Unit conversions are not stored in the file, but must be set every time the file is opened.
Note when using unit conversions: EUM types and units reported from the file are not changed, only the data is changed. Example, having a file with spatial axis in meters, when setting unit conversion for the spatial axis to feet and then requesting the spatial axis, the spatial axis will report the unit meters, but the axis data will be in feet.
Static items¶
A static item stores one set of values for the item. A static item has no notion of time.
A DFS file can have any number of static items. To access the static items, they must be read one by one, i.e. it is not known in advance how many static items a file has. Static item data and information on its unit, data type, etc are stored together.
On top of what describes the generic DFS item as described previously, a static item includes the actual data of the static item.
Dynamic items¶
A dynamic item varies in time. Information of the dynamic item like unit, data type, etc is stored in the header, while the data is stored separately on a time-step and item basis.
On top of what describes the generic DFS item described previously, it also includes
-
Value type, being instantaneous, forward step, etc.
-
A list of associated static item numbers
-
Statistics of the item data
Each of these are described in the following.
Value type
The Value type in time specifies how each value is to be interpreted between two time step values.
-
Instantaneous; the value is defined at the time specified.
-
Accumulated; the value is an accumulated value from the start time of the file to the time specified.
-
Step-accumulated; the value is accumulated between last time step to current time step.
-
Mean-step-backward; mean value from previous time step time to current time step time. This is also sometimes called ‘mean-step-accumulated’.
-
Mean-step-forward; mean value from current time step time to next time step time. This is also sometimes called ‘reverse-mean-step-accumulated’.
It is currently only the dfs0 file format that utilises the different value types. The remainder of the DHI DFS files uses the instantaneous type. See Appendix F for examples of the different value types.
Associated static item numbers
A dynamic item can have a list of static item numbers that in some way is associated with the dynamic item. These are not very often used, and there is not predefined definition of the properties of the association – it depends on the type of DFS file.
Statistics
Together with each dynamic item, some statistics of its data can be stored, e.g., the max and min value for all data values and time steps. See section 2.8 for details.
Temporal Axes¶
The time in the DFS file can be specified as a relative time, starting from zero, or as an absolute time, starting from a specified date and time. The former is called a time axis, the latter a calendar axis.
Each of the two exists in an equidistant and a non-equidistant version.
For the equidistant type temporal axes you can specify a start time offset. It defines the time of the first time step relative to the start time.

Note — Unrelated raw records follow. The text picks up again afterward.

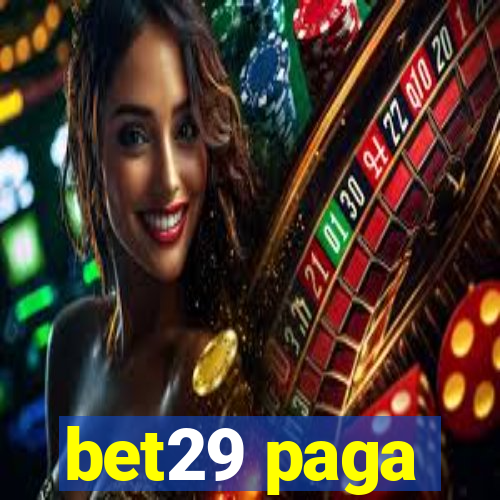 bet29 paga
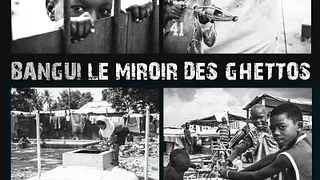 Exposition Médecins Sans Frontières : « Bangui, le miroir des ghettos »
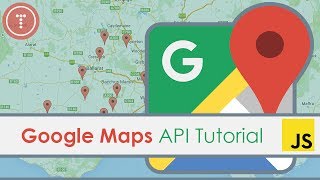 Google Maps JavaScript API Tutorial [upl. by Browne406]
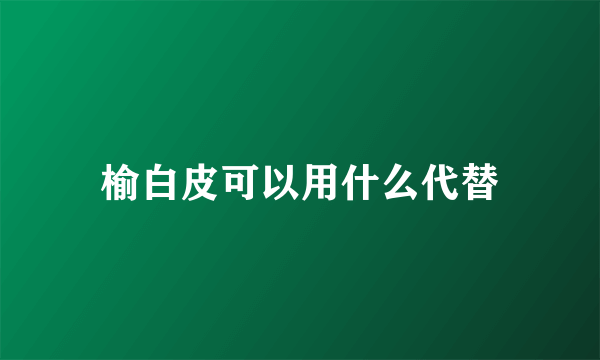 榆白皮可以用什么代替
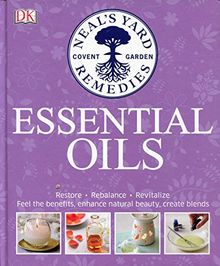 Neal's Yard Remedies Essential Oils: Restore * Rebalance * Revitalize * Feel the Benefits * Enhance Natural Beauty * Create Blends (Dk)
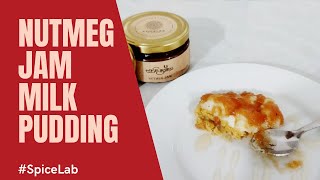 සාදික්කා ජෑම් යෙදු මිල්ක් පුඩිම | Nutmeg Jam Infused Milk Pudding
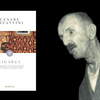 Il pittore Antonio Ligabue nella biografia in poesia di Cesare Zavattini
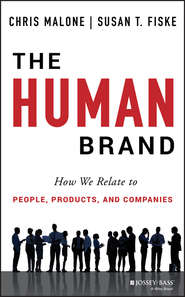 бесплатно читать книгу The Human Brand. How We Relate to People, Products, and Companies автора Chris Malone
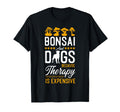 Bonsai Tree Dog Bonsai And Dogs T-Shirt - Fun Novelty Design Unisex - T-Shirt, Sweatshirt, Hoodie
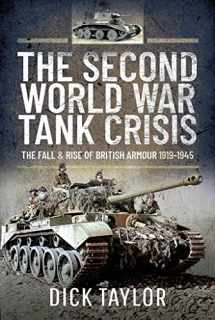 9781399003520-1399003526-Second World War Tank Crisis: The Fall and Rise of British Armour, 1919-1945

For the non-equidistant type time axes the actual times for each time step is stored together with the dynamic item data. The times are therefore not available in the temporal axis definition, but are retrieved when reading data for an item-time step. The times stored with each time step is the time in a given time unit relative to the start of the file.
The equidistant time axis is defined by:
-
Time unit
-
Time step size
-
Start time offset
-
Number of time steps
The non-equidistant time axis is defined by:
-
Time unit
-
Time span – difference between first and last time step.
The equidistant calendar axis is defined by:
-
Start date and time
-
Time unit
-
Time step size
-
Start time offset
-
Number of time steps
The non-equidistant calendar axis is defined by:
-
Start date and time
-
Time unit
-
Time span – difference between first and last time step
The two non-equidistant temporal axes also provide a start time offset. This start time offset cannot be set, but has the time value of the first time step stored in the file, and is for information only.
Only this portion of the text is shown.